Two Way Anova

Posted in Statistics, Total Reads: 958

Definition: Two Way Anova

Two-ways ANOVA (Analysis of Variance) is a statistical technique that is used to study the differences among means of two or more populations with only two independent variables involved.

Essentially, ANOVA is used for test of means for two or more populations. It has a metric dependent i.e. measured using a ratio or interval scale. For a two-way ANOVA, there are two independent variables that are non-metric or categorical in nature. These independent variables are called factors. ANOVA seeks to identify sources of variation in the numerical dependent variable/response variable.

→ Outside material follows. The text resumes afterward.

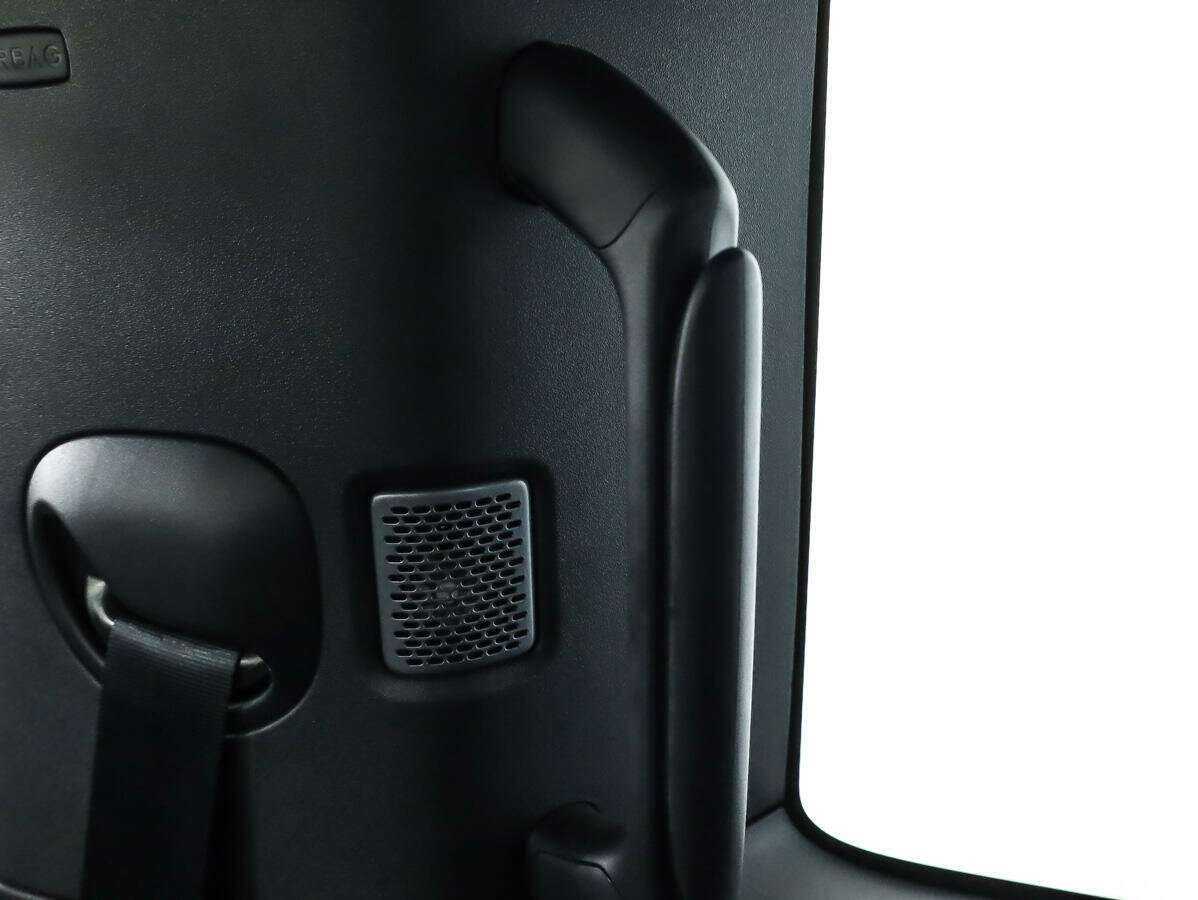 Land Rover Defender 90, 2021 Фото №23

The variation in the response variable (about its mean) is explained either by the independent variables (factors) or is unexplained (random error.

Variation in response variable about its mean = Explained variation   +    Unexplained variation                                                                                                                     by factors                       (random error)

Each possible value of a factor or combination of factor is called treatment. Sample observations within each treatment are viewed as coming from populations with different means possibly. It is tested whether each factor has a significant effect on the response variable. ANOVA uses F distribution with null hypothesis that all means are equal.

For example:  A researcher would use two-way ANOVA to examine whether the product use (heavy, medium, light and non-drinkers) and brand loyalty (loyal and non-loyal) have different preferences towards a brand of soft drink.